━━ EXERCISE INPUT
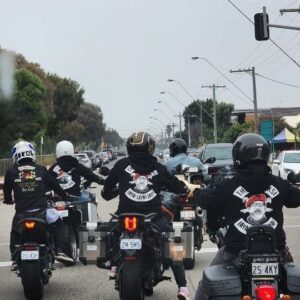 Imam Darto Instagram - Grup 1 ambil motor sekalian test ride buat besok. ENYAAAKKKKK!!! Pada pake motor apa aja hayoo??

Kenikmatan duniawi ini dipersembahkan oleh @tiketcom , tiket dot com WE LOVE YOUUU!!!
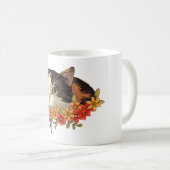 かわいい三毛猫の花越しアート コーヒーマグカップ (正面右)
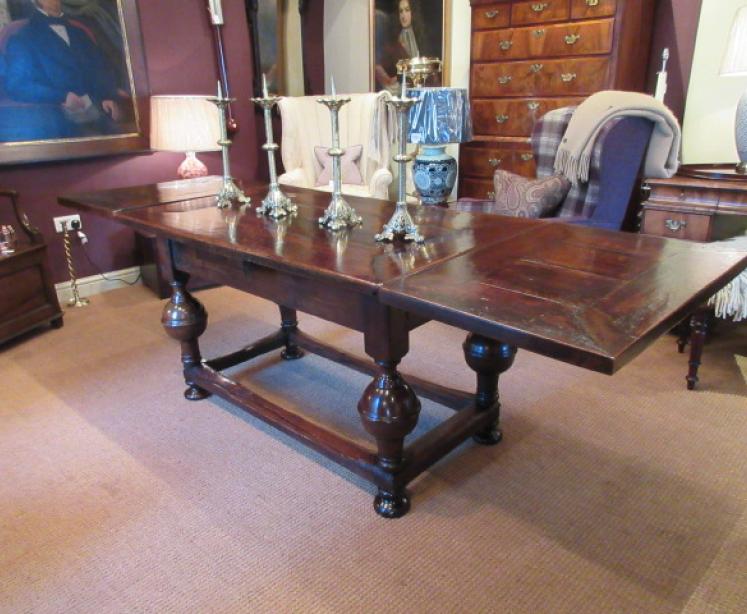 Stunning William & Mary Period Extending Refectory Table - Image 2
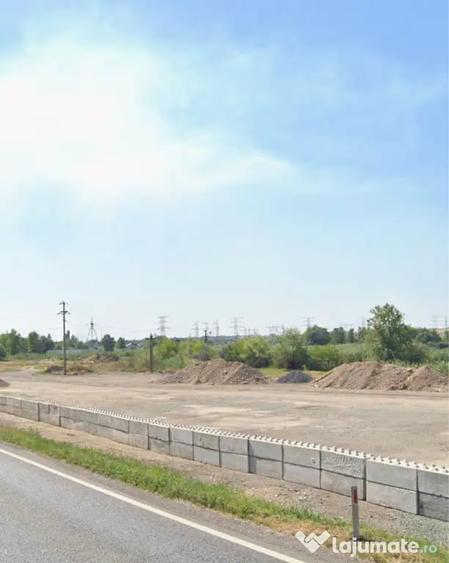 Teren de 7500 mp, în Movileni
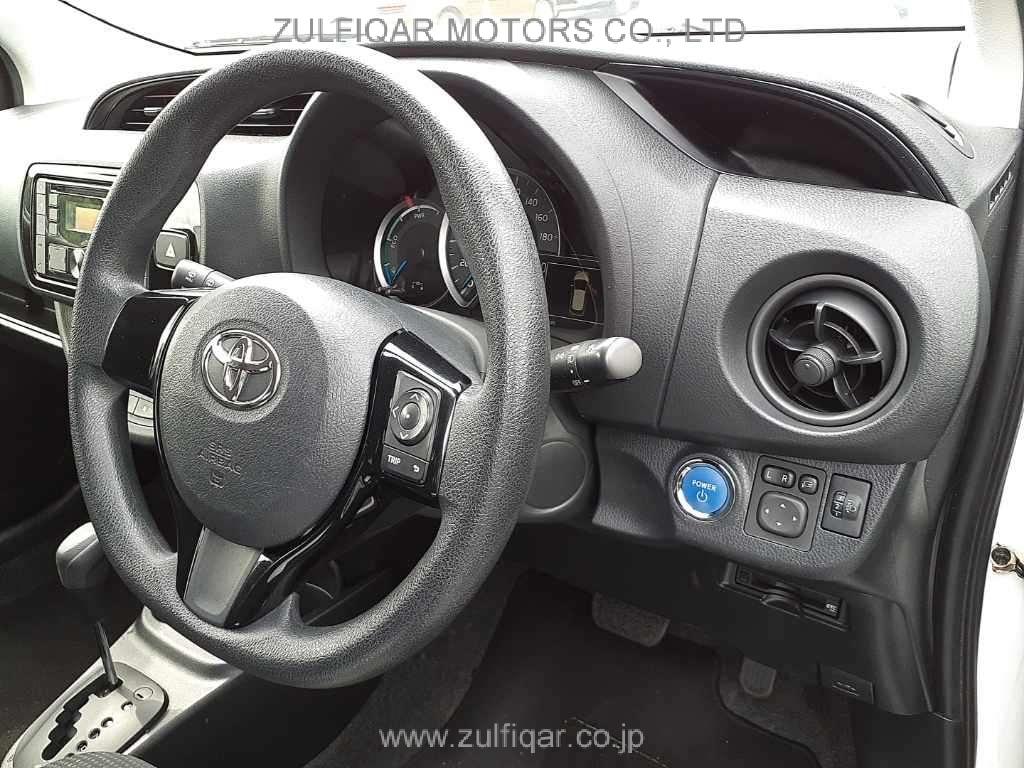 TOYOTA VITZ 2017 Image 7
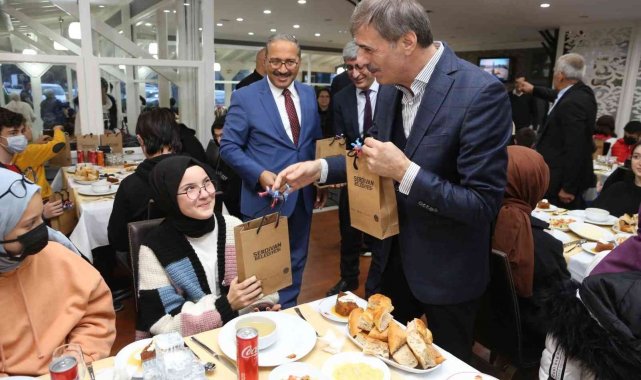 Başkan Alemdar, çocuklarla iftarda buluştu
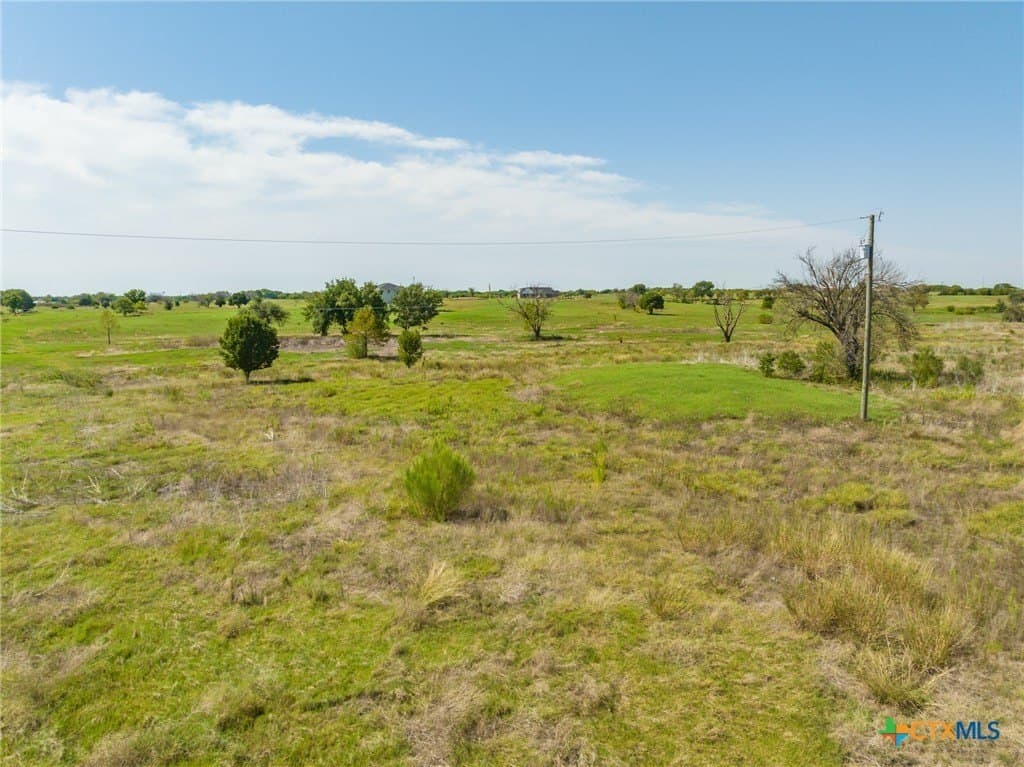 10.01 acres in McLennan County - photo 8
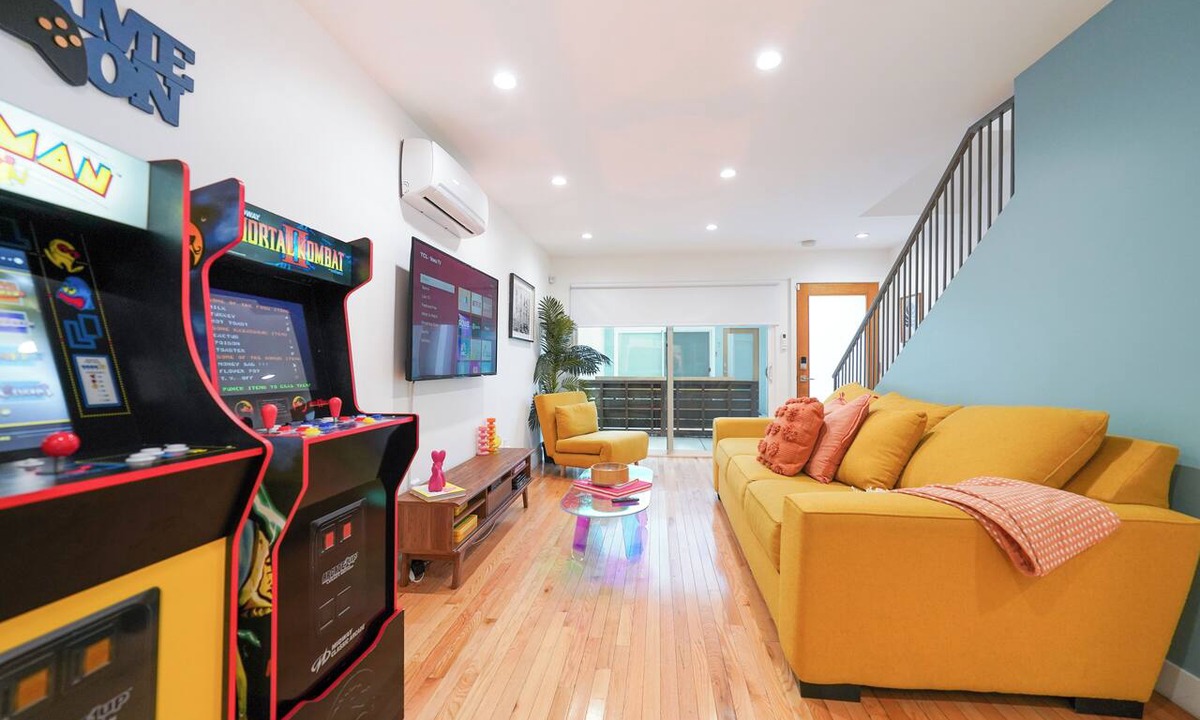 Santa Ana Condo | ☞ Mid Century Modern ☞ Near Disney & Knotts ☞ AC ☞ W/D ☞ Parking ☞ 200Mbs ☞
━━━━
ABOUT THIS EXERCISE>
Print all the material above exactly, and drop the images.

ANSWER TO THE EXERCISE>
 Imam Darto Instagram - Grup 1 ambil motor sekalian test ride buat besok. ENYAAAKKKKK!!! Pada pake motor apa aja hayoo??

Kenikmatan duniawi ini dipersembahkan oleh @tiketcom , tiket dot com WE LOVE YOUUU!!!
 かわいい三毛猫の花越しアート コーヒーマグカップ (正面右)
 Stunning William & Mary Period Extending Refectory Table - Image 2
 Teren de 7500 mp, în Movileni
 TOYOTA VITZ 2017 Image 7
 Başkan Alemdar, çocuklarla iftarda buluştu
 10.01 acres in McLennan County - photo 8
 Santa Ana Condo | ☞ Mid Century Modern ☞ Near Disney & Knotts ☞ AC ☞ W/D ☞ Parking ☞ 200Mbs ☞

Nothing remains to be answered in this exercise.